SUPPLIED MATERIAL Start Marker
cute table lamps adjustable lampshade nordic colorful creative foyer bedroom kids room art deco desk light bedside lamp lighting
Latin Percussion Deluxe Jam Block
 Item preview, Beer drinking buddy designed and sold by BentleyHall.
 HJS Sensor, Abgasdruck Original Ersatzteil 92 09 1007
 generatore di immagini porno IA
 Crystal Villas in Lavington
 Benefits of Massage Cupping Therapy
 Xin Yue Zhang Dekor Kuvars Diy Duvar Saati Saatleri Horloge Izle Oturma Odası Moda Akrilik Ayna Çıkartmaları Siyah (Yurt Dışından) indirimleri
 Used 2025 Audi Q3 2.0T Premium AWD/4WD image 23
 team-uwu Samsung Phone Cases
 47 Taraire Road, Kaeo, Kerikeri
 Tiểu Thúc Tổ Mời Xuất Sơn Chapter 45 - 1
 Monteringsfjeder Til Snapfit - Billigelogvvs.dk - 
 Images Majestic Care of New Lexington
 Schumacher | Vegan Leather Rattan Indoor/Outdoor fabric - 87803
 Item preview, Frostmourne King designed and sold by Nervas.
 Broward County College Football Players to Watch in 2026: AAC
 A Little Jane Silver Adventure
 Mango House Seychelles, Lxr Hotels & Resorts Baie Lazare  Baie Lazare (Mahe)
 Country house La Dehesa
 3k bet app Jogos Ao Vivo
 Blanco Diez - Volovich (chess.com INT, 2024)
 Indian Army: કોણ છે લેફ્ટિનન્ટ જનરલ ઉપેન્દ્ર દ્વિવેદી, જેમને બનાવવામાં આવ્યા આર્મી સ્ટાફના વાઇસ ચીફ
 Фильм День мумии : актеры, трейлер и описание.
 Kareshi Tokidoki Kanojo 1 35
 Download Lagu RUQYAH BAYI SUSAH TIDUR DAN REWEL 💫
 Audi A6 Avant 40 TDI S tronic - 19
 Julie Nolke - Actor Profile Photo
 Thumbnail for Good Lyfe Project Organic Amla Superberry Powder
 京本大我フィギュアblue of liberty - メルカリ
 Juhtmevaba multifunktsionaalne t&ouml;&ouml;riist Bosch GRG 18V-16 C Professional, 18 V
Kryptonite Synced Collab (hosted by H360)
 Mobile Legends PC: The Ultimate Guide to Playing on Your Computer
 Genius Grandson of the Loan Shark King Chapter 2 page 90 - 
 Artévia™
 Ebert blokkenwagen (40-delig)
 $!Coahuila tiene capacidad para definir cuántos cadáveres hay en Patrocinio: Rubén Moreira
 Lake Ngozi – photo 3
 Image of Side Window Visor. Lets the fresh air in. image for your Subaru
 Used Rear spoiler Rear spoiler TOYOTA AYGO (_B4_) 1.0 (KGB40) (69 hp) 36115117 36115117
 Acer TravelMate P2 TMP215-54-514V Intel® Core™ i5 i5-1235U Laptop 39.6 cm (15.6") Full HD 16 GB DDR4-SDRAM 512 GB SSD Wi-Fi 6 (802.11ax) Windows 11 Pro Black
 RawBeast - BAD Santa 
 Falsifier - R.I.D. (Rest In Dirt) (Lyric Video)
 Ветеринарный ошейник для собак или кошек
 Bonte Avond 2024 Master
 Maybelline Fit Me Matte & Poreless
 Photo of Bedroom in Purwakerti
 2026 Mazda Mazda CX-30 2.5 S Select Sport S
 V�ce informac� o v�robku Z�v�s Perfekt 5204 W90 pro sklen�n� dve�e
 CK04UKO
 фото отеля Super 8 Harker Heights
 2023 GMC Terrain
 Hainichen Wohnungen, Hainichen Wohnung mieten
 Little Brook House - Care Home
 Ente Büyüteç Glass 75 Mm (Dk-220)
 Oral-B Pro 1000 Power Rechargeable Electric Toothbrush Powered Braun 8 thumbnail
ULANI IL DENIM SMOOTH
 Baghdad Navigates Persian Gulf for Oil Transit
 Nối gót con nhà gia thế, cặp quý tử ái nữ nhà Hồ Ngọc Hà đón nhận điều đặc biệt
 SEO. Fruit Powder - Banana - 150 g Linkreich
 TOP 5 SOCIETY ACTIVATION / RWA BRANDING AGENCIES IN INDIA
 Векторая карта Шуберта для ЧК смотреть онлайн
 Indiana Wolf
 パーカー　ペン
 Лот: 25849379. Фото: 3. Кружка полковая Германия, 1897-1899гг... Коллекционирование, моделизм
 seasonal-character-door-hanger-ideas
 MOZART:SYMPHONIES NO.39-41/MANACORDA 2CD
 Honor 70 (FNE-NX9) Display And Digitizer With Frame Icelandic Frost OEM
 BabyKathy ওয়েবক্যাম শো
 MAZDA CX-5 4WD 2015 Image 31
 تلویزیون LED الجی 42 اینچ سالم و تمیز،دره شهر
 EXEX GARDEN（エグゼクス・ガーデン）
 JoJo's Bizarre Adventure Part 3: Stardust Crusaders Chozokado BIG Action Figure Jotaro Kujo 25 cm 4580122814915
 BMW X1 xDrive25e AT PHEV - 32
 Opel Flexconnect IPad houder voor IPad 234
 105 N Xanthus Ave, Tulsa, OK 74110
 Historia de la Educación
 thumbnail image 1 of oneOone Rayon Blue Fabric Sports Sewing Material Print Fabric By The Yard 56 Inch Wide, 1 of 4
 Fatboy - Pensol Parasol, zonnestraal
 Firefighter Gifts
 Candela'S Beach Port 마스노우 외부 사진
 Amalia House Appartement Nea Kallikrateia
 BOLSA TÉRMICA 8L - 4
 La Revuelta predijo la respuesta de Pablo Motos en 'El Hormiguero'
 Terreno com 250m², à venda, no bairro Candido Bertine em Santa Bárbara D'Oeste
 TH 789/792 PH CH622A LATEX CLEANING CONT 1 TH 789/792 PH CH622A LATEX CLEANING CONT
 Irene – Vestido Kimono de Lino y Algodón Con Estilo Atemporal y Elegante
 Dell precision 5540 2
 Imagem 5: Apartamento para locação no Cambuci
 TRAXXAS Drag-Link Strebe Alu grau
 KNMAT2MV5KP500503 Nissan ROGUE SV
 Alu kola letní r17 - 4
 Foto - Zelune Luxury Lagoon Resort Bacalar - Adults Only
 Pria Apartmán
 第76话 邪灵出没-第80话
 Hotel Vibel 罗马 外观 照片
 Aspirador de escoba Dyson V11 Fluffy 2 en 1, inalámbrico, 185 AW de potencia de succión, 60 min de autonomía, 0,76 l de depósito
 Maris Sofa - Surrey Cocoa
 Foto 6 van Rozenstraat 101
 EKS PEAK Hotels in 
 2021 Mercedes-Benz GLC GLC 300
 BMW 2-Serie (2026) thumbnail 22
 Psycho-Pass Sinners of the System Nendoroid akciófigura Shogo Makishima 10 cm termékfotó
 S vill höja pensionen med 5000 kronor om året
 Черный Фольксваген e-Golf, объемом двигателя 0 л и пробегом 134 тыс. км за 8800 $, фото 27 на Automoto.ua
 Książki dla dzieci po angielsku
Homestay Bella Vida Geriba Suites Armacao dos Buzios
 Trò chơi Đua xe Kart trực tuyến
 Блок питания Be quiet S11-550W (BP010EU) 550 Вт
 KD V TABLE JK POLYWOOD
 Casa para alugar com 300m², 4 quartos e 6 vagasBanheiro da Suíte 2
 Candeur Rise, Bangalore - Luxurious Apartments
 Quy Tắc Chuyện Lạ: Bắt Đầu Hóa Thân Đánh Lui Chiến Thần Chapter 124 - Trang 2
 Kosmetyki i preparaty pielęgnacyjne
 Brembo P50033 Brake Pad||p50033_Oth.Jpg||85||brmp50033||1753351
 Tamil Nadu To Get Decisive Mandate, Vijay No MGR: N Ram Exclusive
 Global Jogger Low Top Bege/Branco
SUPPLIED MATERIAL End Marker
WORK TO BE COMPLETED: Look above for the line with "Mobile Legends PC: The" and the line with "Patrocinio: Rubén Moreira", and reproduce exactly those two lines plus every line between, nothing more.

TASK ANSWER:
 Mobile Legends PC: The Ultimate Guide to Playing on Your Computer
 Genius Grandson of the Loan Shark King Chapter 2 page 90 - 
 Artévia™
 Ebert blokkenwagen (40-delig)
 $!Coahuila tiene capacidad para definir cuántos cadáveres hay en Patrocinio: Rubén Moreira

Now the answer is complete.